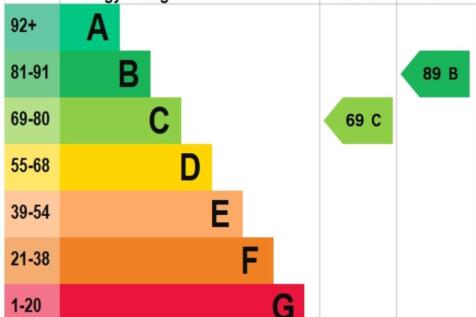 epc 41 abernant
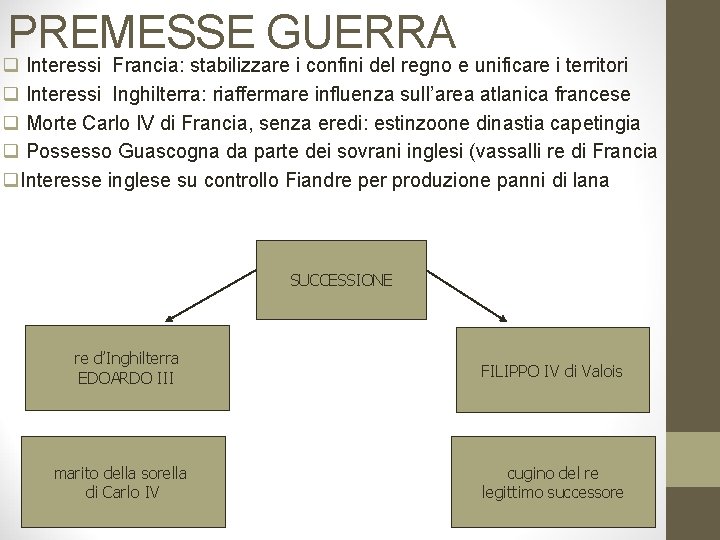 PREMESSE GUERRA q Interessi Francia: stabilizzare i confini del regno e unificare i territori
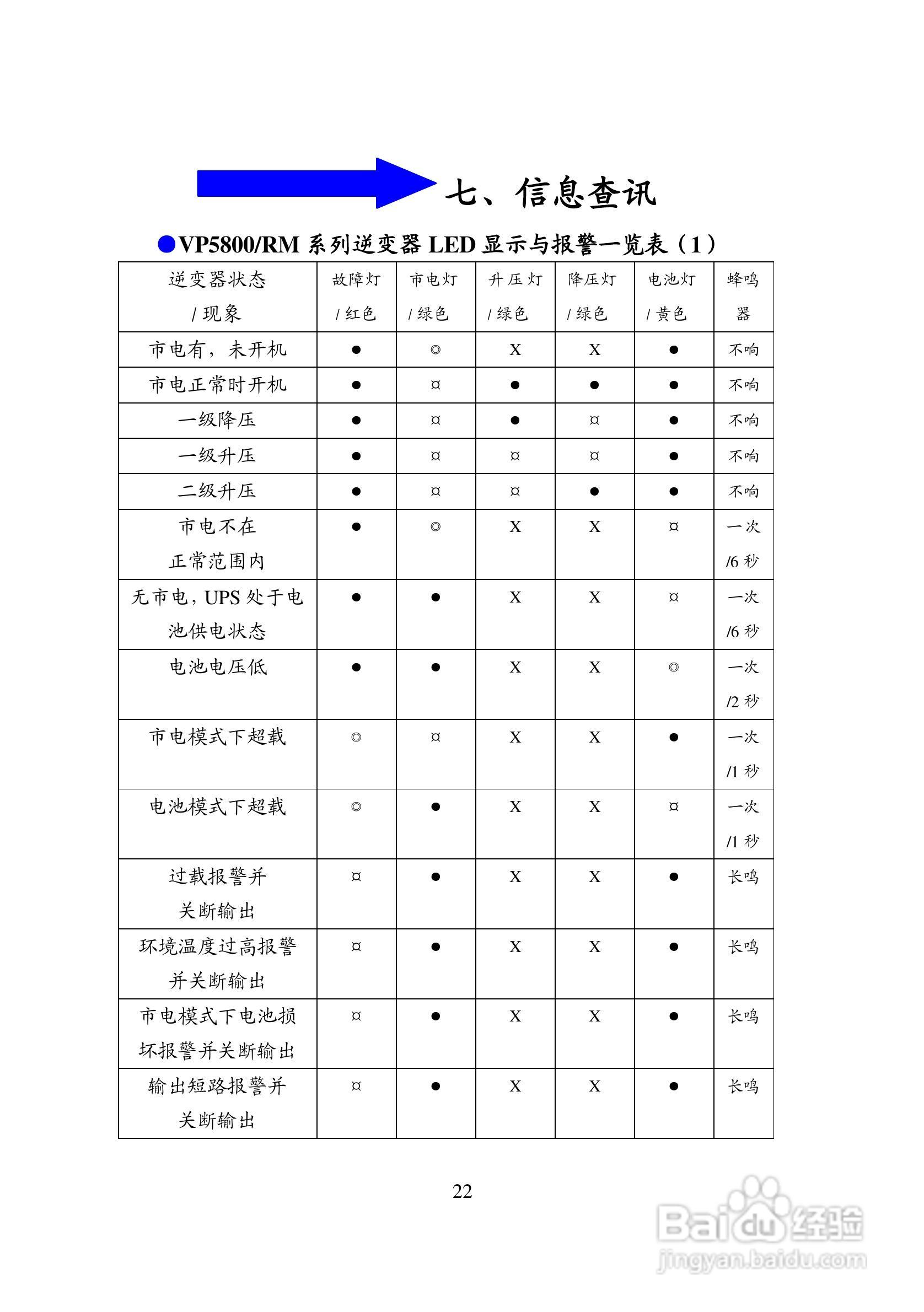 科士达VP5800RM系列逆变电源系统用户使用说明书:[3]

━━━

EXERCISE REQUIREMENTS: Nothing but the lines from the line containing "PREMESSE GUERRA q" through the end of the data, both ends included, is to be reproduced, exactly as written and without the pictures.

OUTPUT BELOW:
 PREMESSE GUERRA q Interessi Francia: stabilizzare i confini del regno e unificare i territori
 科士达VP5800RM系列逆变电源系统用户使用说明书:[3]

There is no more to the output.